[Web page caption snippets]
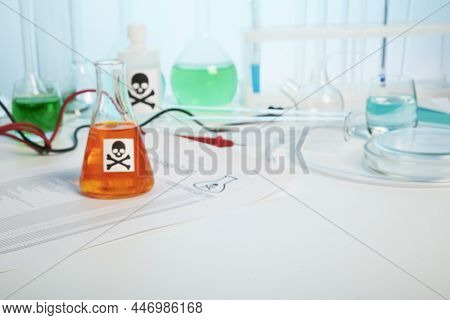 Poison Fluids In Toxicology Laboratory Of Chemical Producer. Photo Contains Toxicology Report, Test 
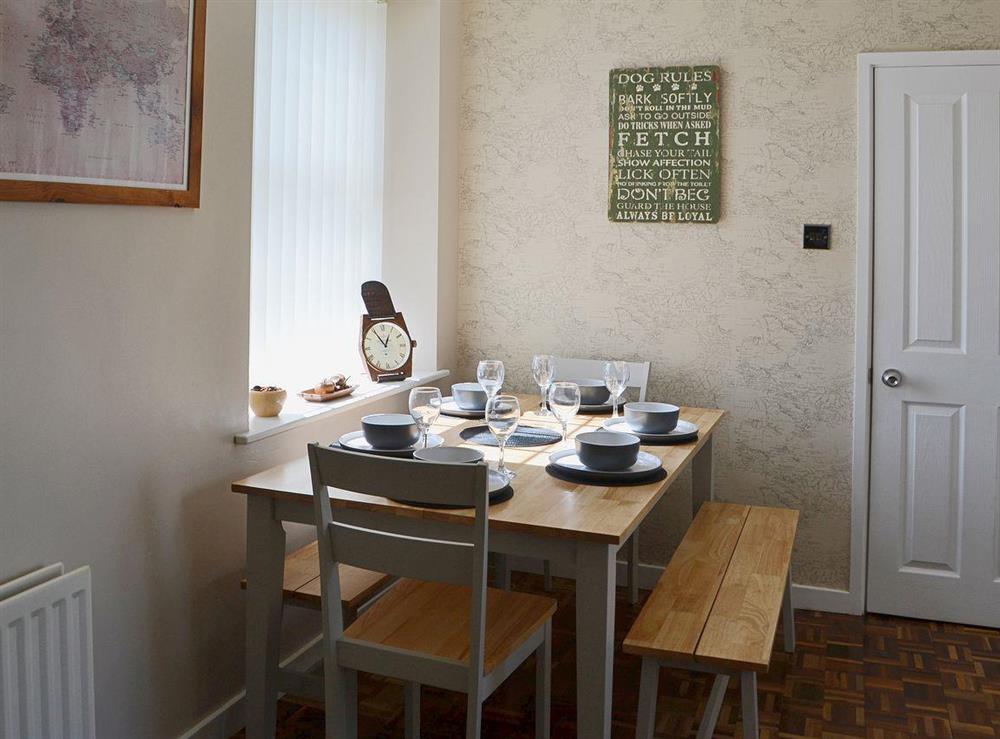 The dining area has a family dining table with bench seating at Island View in Amble, Northumberland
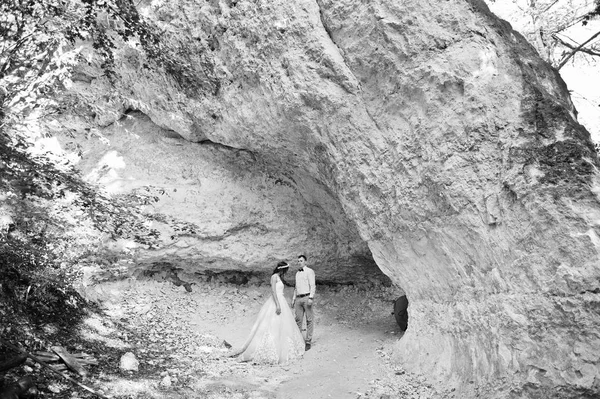 Beautiful bride with handsome groom posing next to the cave in f — Stock Photo, Image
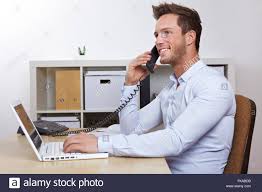 Happy Business Man With Laptop Computer In Office Making Phone Calls
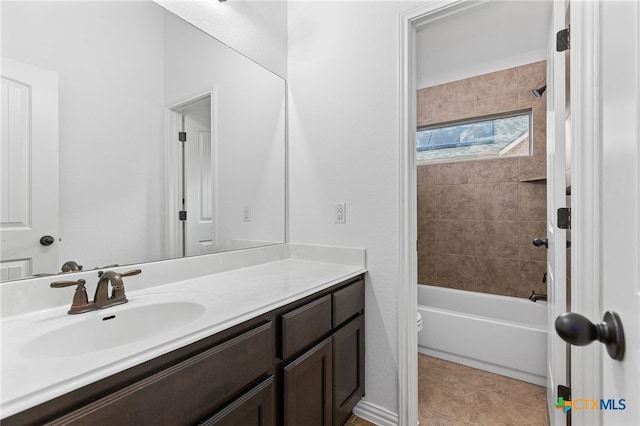 full bath featuring  shower combination, vanity, and toilet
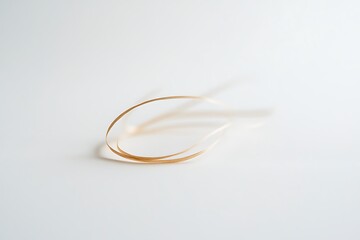 A delicate golden ribbon curved on a white background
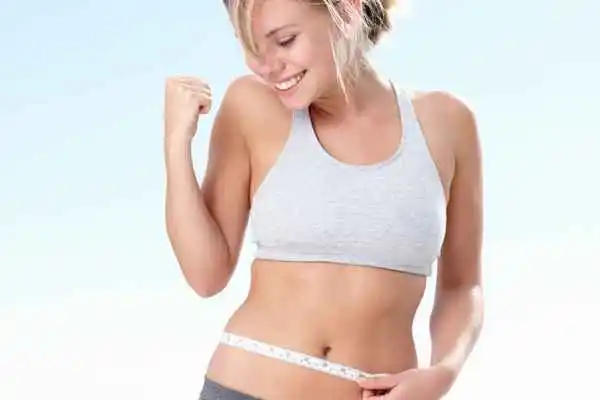woman happy after fat reduction treatment Earls Barton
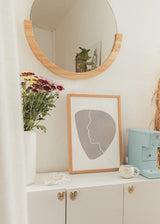 Tableau encadré avec silhouette de visage en ligne blanche continue sur forme organique beige, sable et gris doux, dans un style minimaliste et épuré. Disponible sur kudeko.com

» **BRIEF**:
Output every entry above verbatim, but leave out the pictures.

» **PROBLEM SOLUTION**:
 Poison Fluids In Toxicology Laboratory Of Chemical Producer. Photo Contains Toxicology Report, Test 
 The dining area has a family dining table with bench seating at Island View in Amble, Northumberland
 Beautiful bride with handsome groom posing next to the cave in f — Stock Photo, Image
 Happy Business Man With Laptop Computer In Office Making Phone Calls
 full bath featuring  shower combination, vanity, and toilet
 A delicate golden ribbon curved on a white background
woman happy after fat reduction treatment Earls Barton
 Tableau encadré avec silhouette de visage en ligne blanche continue sur forme organique beige, sable et gris doux, dans un style minimaliste et épuré. Disponible sur kudeko.com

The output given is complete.